● **WHAT IS EXPECTED**: Retype only what runs from the first line of the listing to the line holding "Japar Promicro Gömme", both included. Do not retype the pictures.

● **RECORDED INFORMATION**:
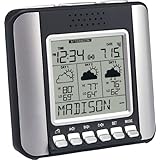 La Crosse Technology Weather Direct WA-1030U 3-Day Talking Internet-Powered Wireless Forecaster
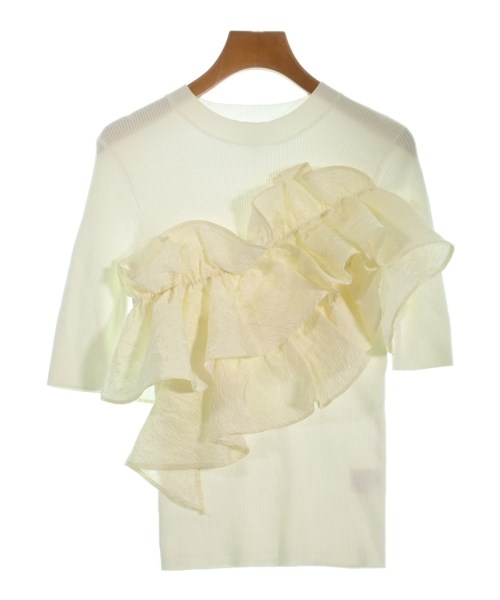 Mystrada(マイストラーダ)ニット・セーター 白 サイズ:38(M位)/2200669001020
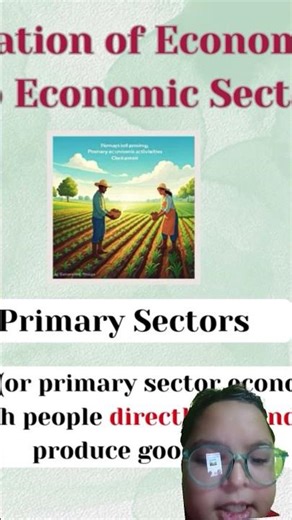 economics around us primary sector
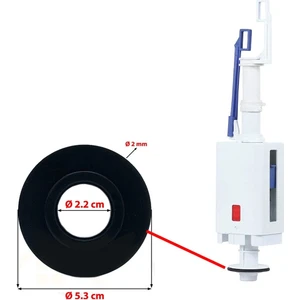 Japar Promicro Gömme Rezervuar Boşaltma Grubu Contası Japar Boşaltma Grubu Contası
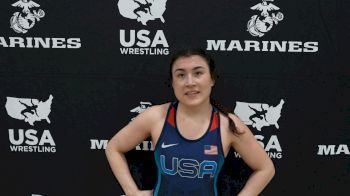 2025 U20 World Team Trials 65 kg Champion: Daniella Nugent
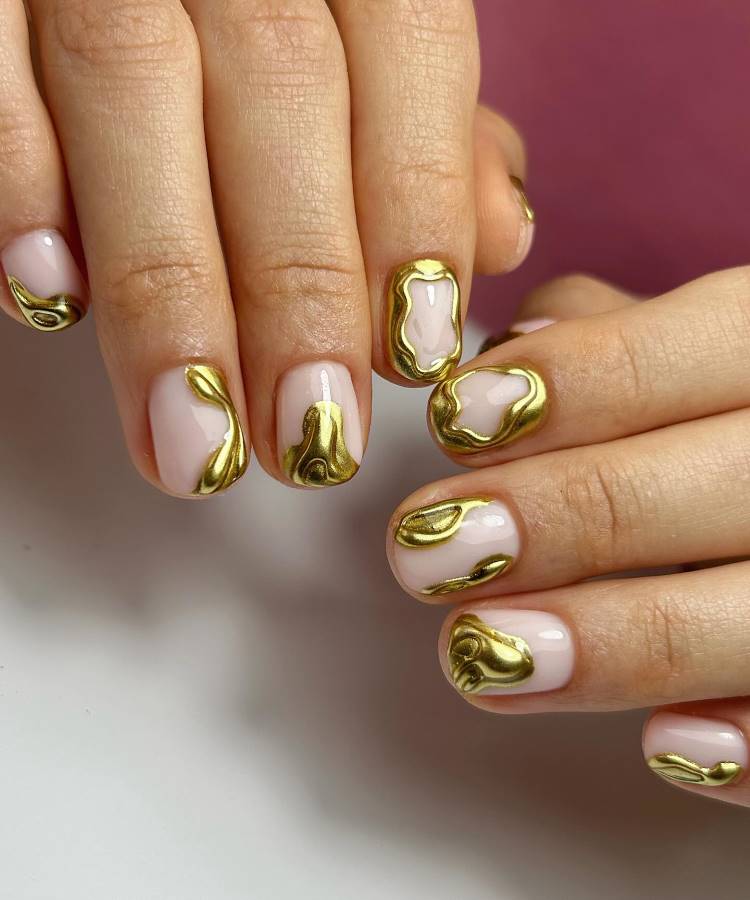 como aplicar unhas de gel delicadas passo a passo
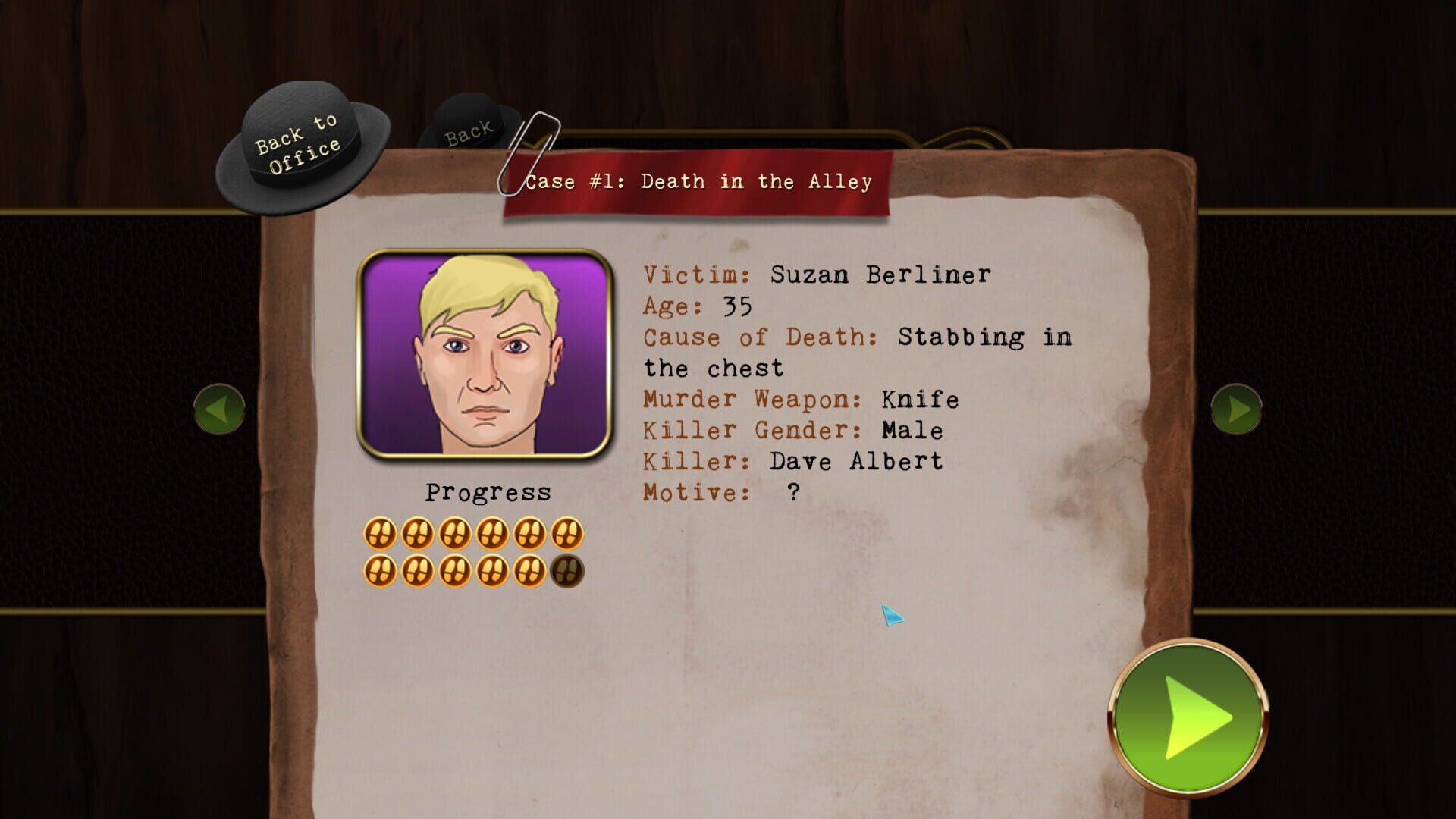 Screenshot for Hidden Clues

● **YOUR RESPONSE**:
 La Crosse Technology Weather Direct WA-1030U 3-Day Talking Internet-Powered Wireless Forecaster
 Mystrada(マイストラーダ)ニット・セーター 白 サイズ:38(M位)/2200669001020
 economics around us primary sector
 Japar Promicro Gömme Rezervuar Boşaltma Grubu Contası Japar Boşaltma Grubu Contası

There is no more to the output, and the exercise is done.